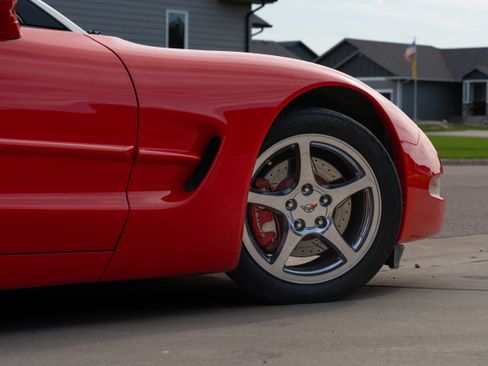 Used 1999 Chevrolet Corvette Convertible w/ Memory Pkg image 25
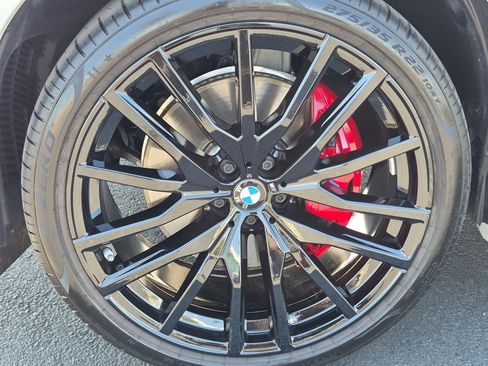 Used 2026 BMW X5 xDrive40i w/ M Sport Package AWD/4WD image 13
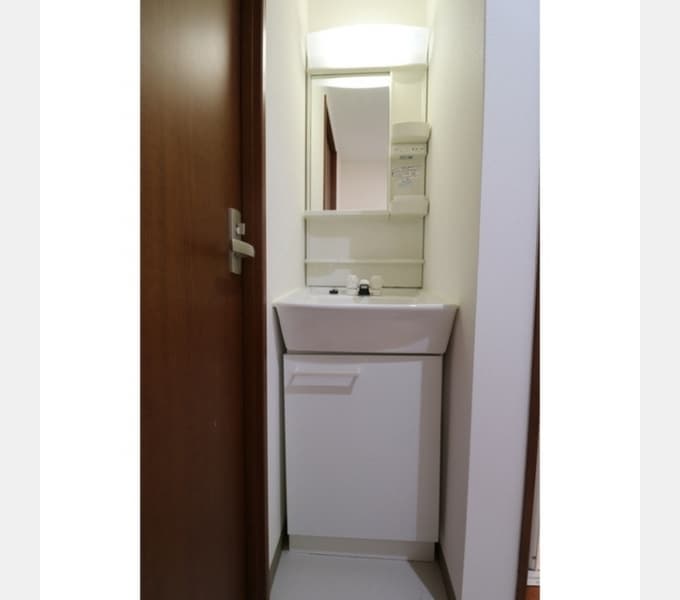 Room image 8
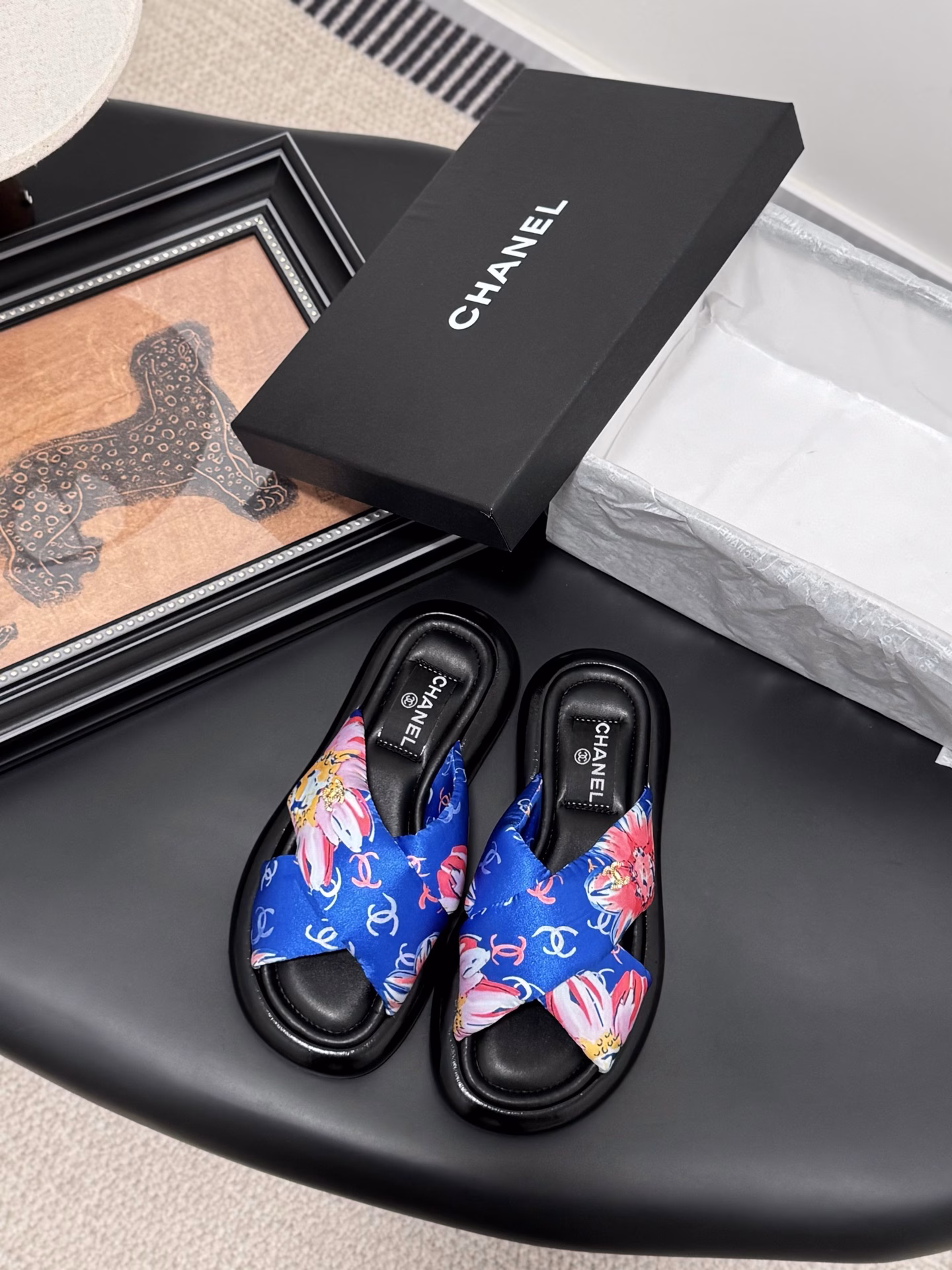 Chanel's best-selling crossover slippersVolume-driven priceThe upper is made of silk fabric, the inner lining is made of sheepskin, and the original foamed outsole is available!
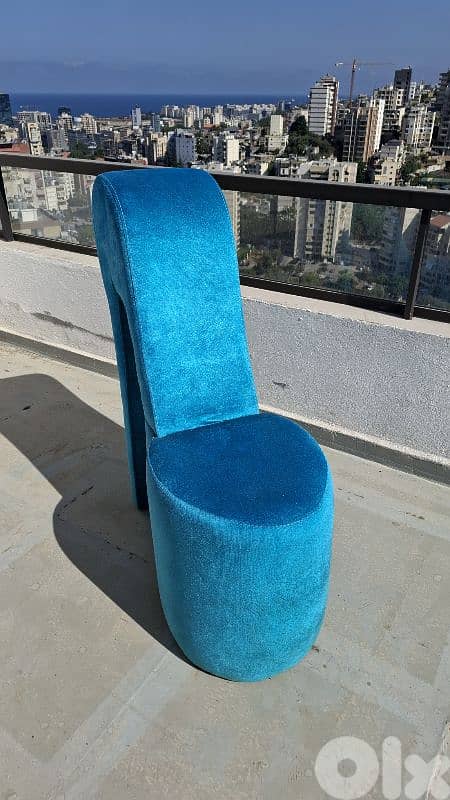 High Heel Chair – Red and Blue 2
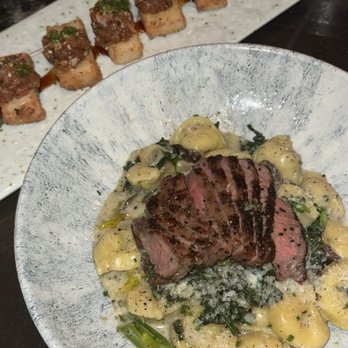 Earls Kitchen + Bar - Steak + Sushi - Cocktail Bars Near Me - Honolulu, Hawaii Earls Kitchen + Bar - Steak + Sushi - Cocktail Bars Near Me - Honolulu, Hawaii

....

* EXERCISE DIRECTIONS *
Word for word, output the lines from the beginning of the listing through the line holding "Chanel's best-selling crossover" and nothing beyond them. Omit the pictures.

* OUTPUT FOR THIS EXERCISE *
 Used 1999 Chevrolet Corvette Convertible w/ Memory Pkg image 25
 Used 2026 BMW X5 xDrive40i w/ M Sport Package AWD/4WD image 13
 Room image 8
 Chanel's best-selling crossover slippersVolume-driven priceThe upper is made of silk fabric, the inner lining is made of sheepskin, and the original foamed outsole is available!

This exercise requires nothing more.